[Work request]: Please transcribe the data below exactly. Leave the pictures out.

Source information Block Start

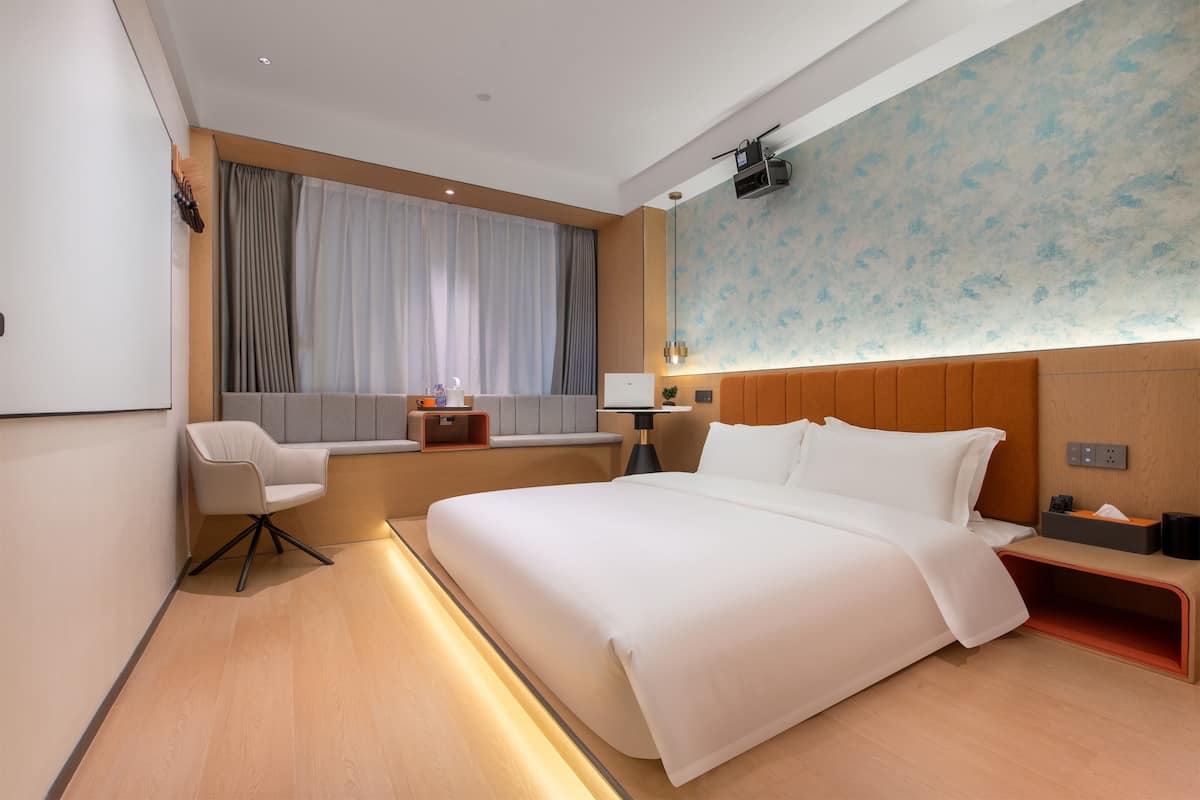Ein modernes Hotelzimmer mit einem großen Bett, einem Schreibtisch, einem Sessel und einem Fenster mit Vorhängen.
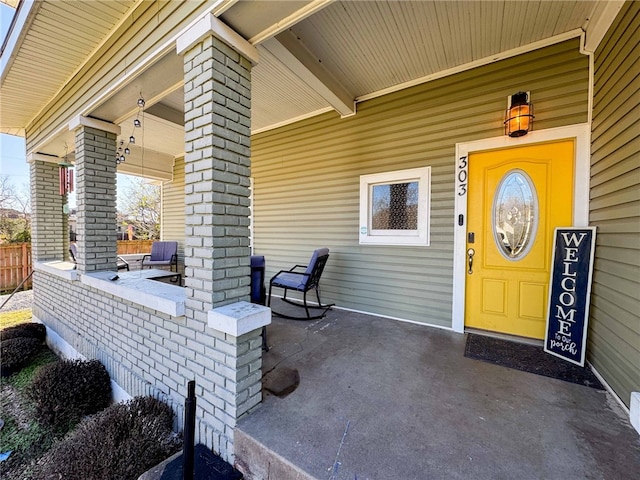 doorway to property with covered porch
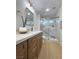 Bathroom featuring a walk-in shower with marble walls and a single vanity at 9369 Villa Ridge Dr, Las Vegas, NV 89134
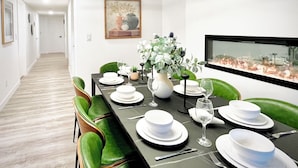 Comedor con una mesa larga dispuesta para cuatro personas, sillas verdes, platos blancos y un jarrón con flores.
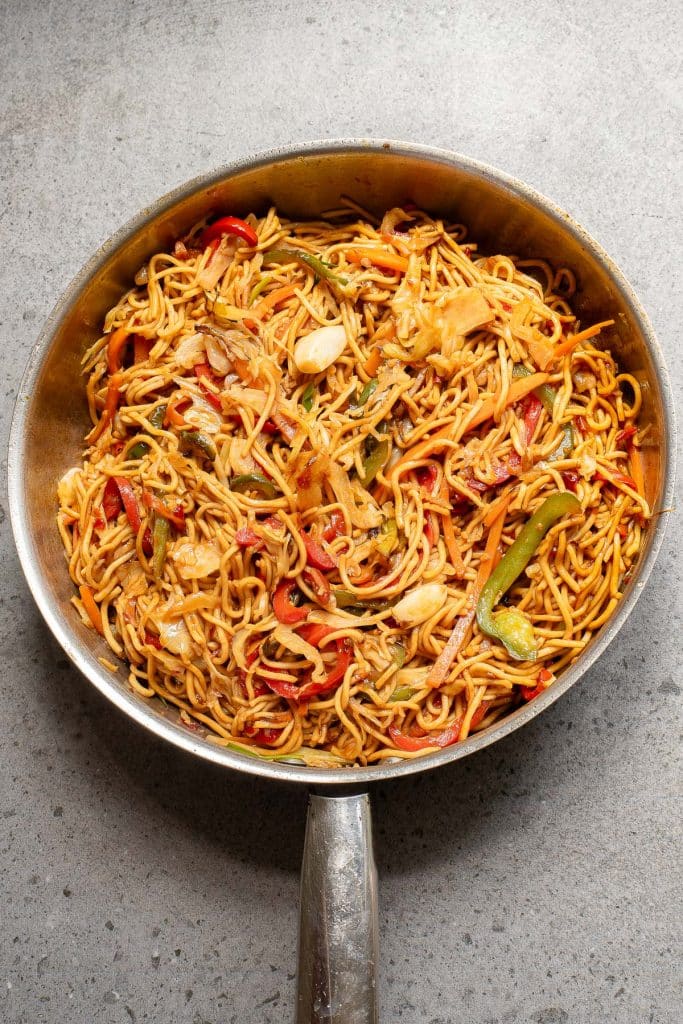 A pan of stir-fried noodles with sliced red and green bell peppers, onions, and other vegetables, mixed with a savory sauce on a gray surface.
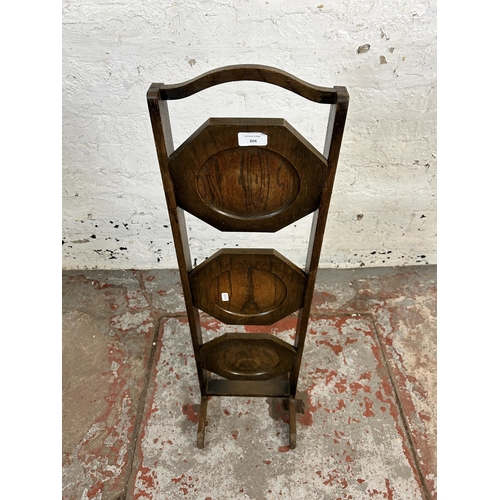 204 - An early 20th century oak three tier folding cake stand - approx. 91cm high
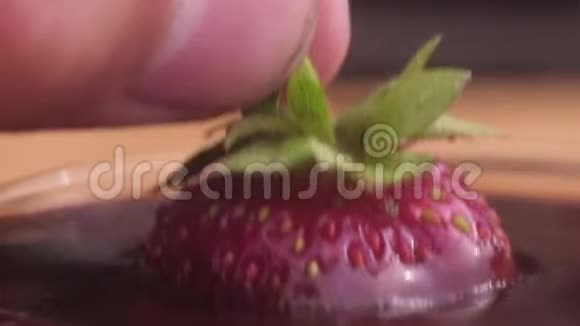 一个男人在巧克力中蘸上多汁的红色成熟草莓向上举起视频的预览图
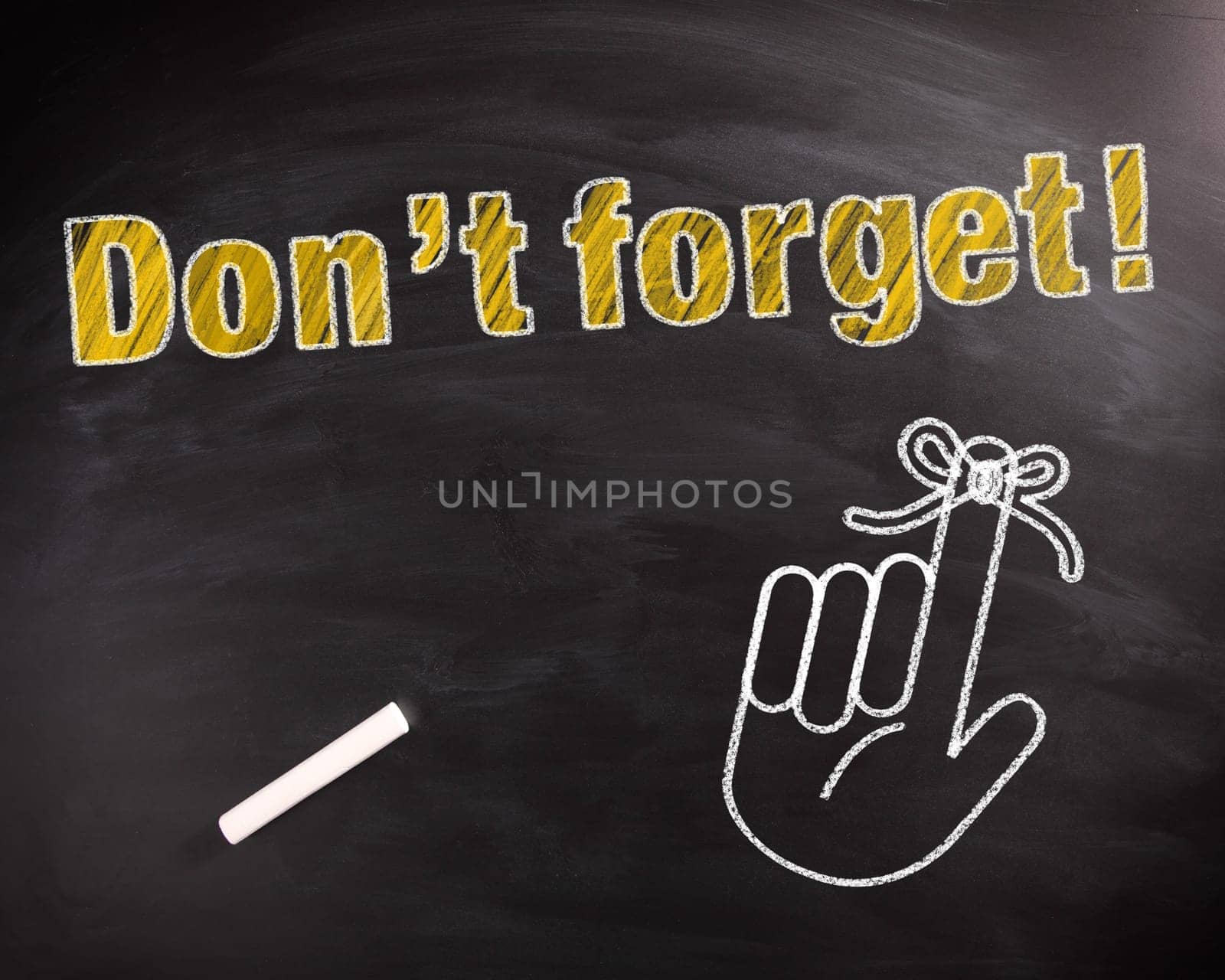 Conceptual Don't Forget Text in Yellow on Black Chalkboard with Hand Drawing Design.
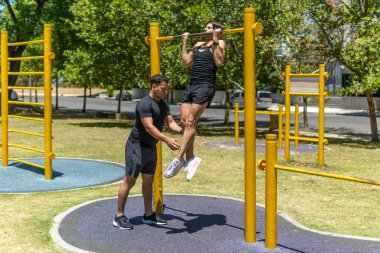 Antrenörü onu düzeltirken parkta barfiks çeken bir adam.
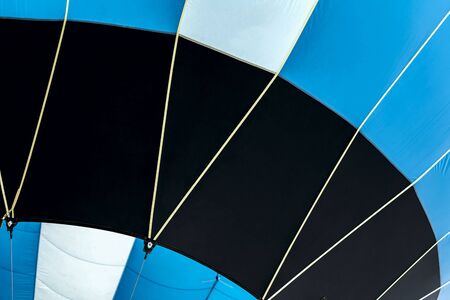 Bottom view of vivid hot air balloon, ready for flight close-up. Texture and pattern, blue, black and white colors. Modern background, place for your textの写真素材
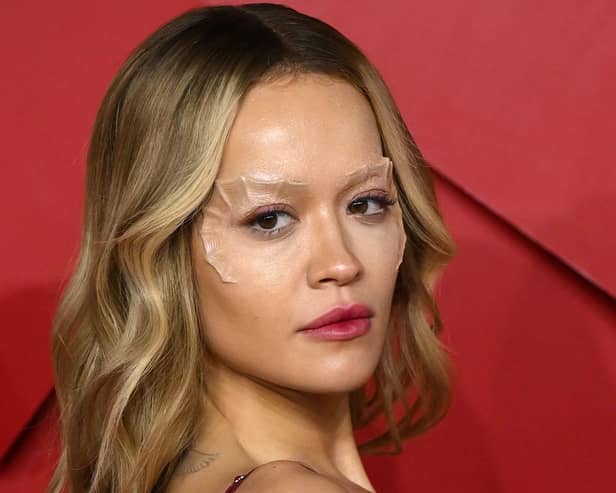 British singer songwriter Rita Ora poses on the red carpet upon arrival at The 2022 Fashion Awards in London on December 5, 2022.  (Photo by Daniel LEAL / AFP) 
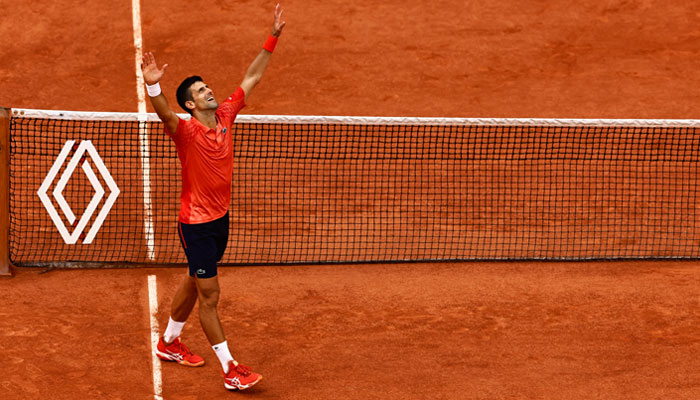 Serbias Novak Djokovic celebrates his victory over Norways Casper Ruud during their mens singles final match of the Roland-Garros Open tennis tournament at the Court Philippe-Chatrier in Paris on June 11, 2023. — Reuters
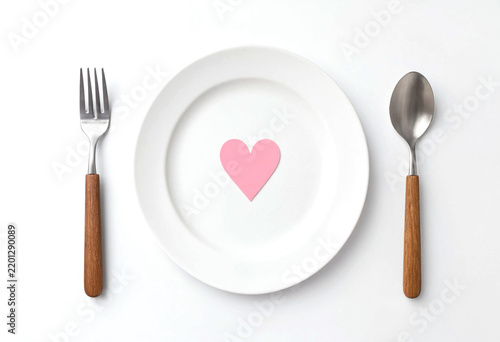 White plate with pink heart symbol surrounded by wooden handled utensils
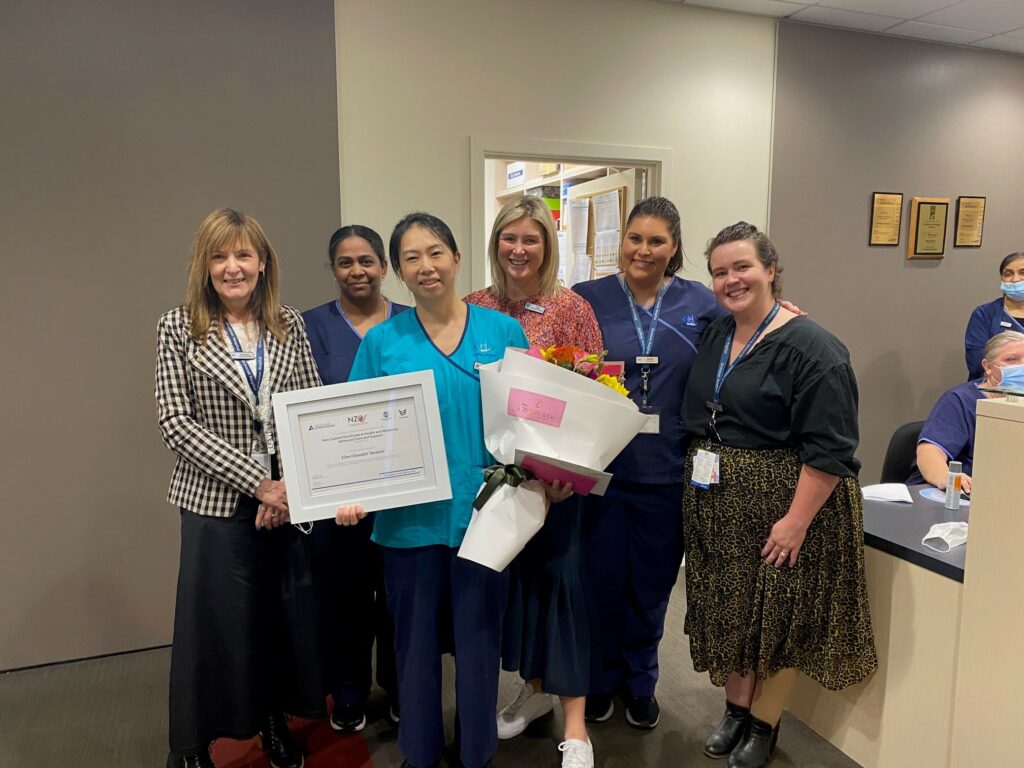 Deb Boyd (Ormiston Hospital CEO) and team celebrating an HCA team member on her recent qualification.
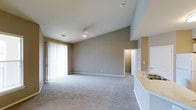 This single-floor residence offers a thoughtfully designed open-concept layout that maximizes both space and functionality. The main living area immediately draws the eye upward with its vaulted ceilings, which lend a sense of volume and airiness to the room. Soft, neutral-toned walls in warm beige complement the plush wall-to-wall carpeting underfoot, creating a comfortable and cohesive atmosphere throughout.

Natural light pours in generously through a large sliding glass door fitted with vertical blinds, providing easy access to an outdoor area while brightening the interior. A ceiling fan is centrally positioned to ensure year-round comfort. The open flow between the living space and the kitchen is a standout feature, with the kitchen area showcasing light stone countertops and a sink that overlooks the main living area — ideal for entertaining or everyday convenience.

A doorway visible from the main room leads to additional areas of the unit, suggesting a practical and well-connected floor plan. The overall design balances simplicity and warmth, making it a versatile and welcoming space suited for a range of lifestyles. Clean white trim throughout adds a crisp finishing touch to the neutral palette.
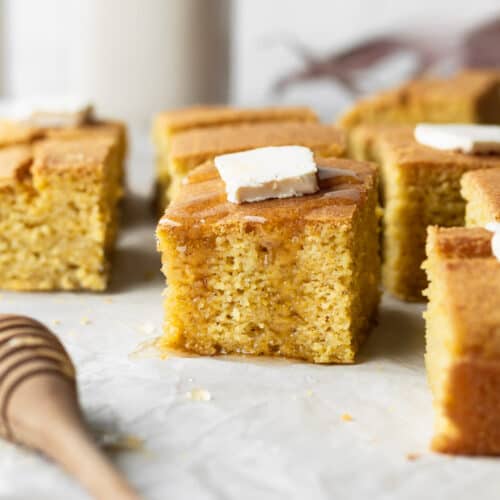A piece of gluten-free cornbread with a pad of butter and drizzle of honey.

Source information Block End

[Completed exercise]:
Ein modernes Hotelzimmer mit einem großen Bett, einem Schreibtisch, einem Sessel und einem Fenster mit Vorhängen.
 doorway to property with covered porch
 Bathroom featuring a walk-in shower with marble walls and a single vanity at 9369 Villa Ridge Dr, Las Vegas, NV 89134
 Comedor con una mesa larga dispuesta para cuatro personas, sillas verdes, platos blancos y un jarrón con flores.
 A pan of stir-fried noodles with sliced red and green bell peppers, onions, and other vegetables, mixed with a savory sauce on a gray surface.
 204 - An early 20th century oak three tier folding cake stand - approx. 91cm high
 一个男人在巧克力中蘸上多汁的红色成熟草莓向上举起视频的预览图
 Conceptual Don't Forget Text in Yellow on Black Chalkboard with Hand Drawing Design.
 Antrenörü onu düzeltirken parkta barfiks çeken bir adam.
 Bottom view of vivid hot air balloon, ready for flight close-up. Texture and pattern, blue, black and white colors. Modern background, place for your textの写真素材
 British singer songwriter Rita Ora poses on the red carpet upon arrival at The 2022 Fashion Awards in London on December 5, 2022.  (Photo by Daniel LEAL / AFP) 
 Serbias Novak Djokovic celebrates his victory over Norways Casper Ruud during their mens singles final match of the Roland-Garros Open tennis tournament at the Court Philippe-Chatrier in Paris on June 11, 2023. — Reuters
 White plate with pink heart symbol surrounded by wooden handled utensils
 Deb Boyd (Ormiston Hospital CEO) and team celebrating an HCA team member on her recent qualification.
 This single-floor residence offers a thoughtfully designed open-concept layout that maximizes both space and functionality. The main living area immediately draws the eye upward with its vaulted ceilings, which lend a sense of volume and airiness to the room. Soft, neutral-toned walls in warm beige complement the plush wall-to-wall carpeting underfoot, creating a comfortable and cohesive atmosphere throughout.

Natural light pours in generously through a large sliding glass door fitted with vertical blinds, providing easy access to an outdoor area while brightening the interior. A ceiling fan is centrally positioned to ensure year-round comfort. The open flow between the living space and the kitchen is a standout feature, with the kitchen area showcasing light stone countertops and a sink that overlooks the main living area — ideal for entertaining or everyday convenience.

A doorway visible from the main room leads to additional areas of the unit, suggesting a practical and well-connected floor plan. The overall design balances simplicity and warmth, making it a versatile and welcoming space suited for a range of lifestyles. Clean white trim throughout adds a crisp finishing touch to the neutral palette.
A piece of gluten-free cornbread with a pad of butter and drizzle of honey.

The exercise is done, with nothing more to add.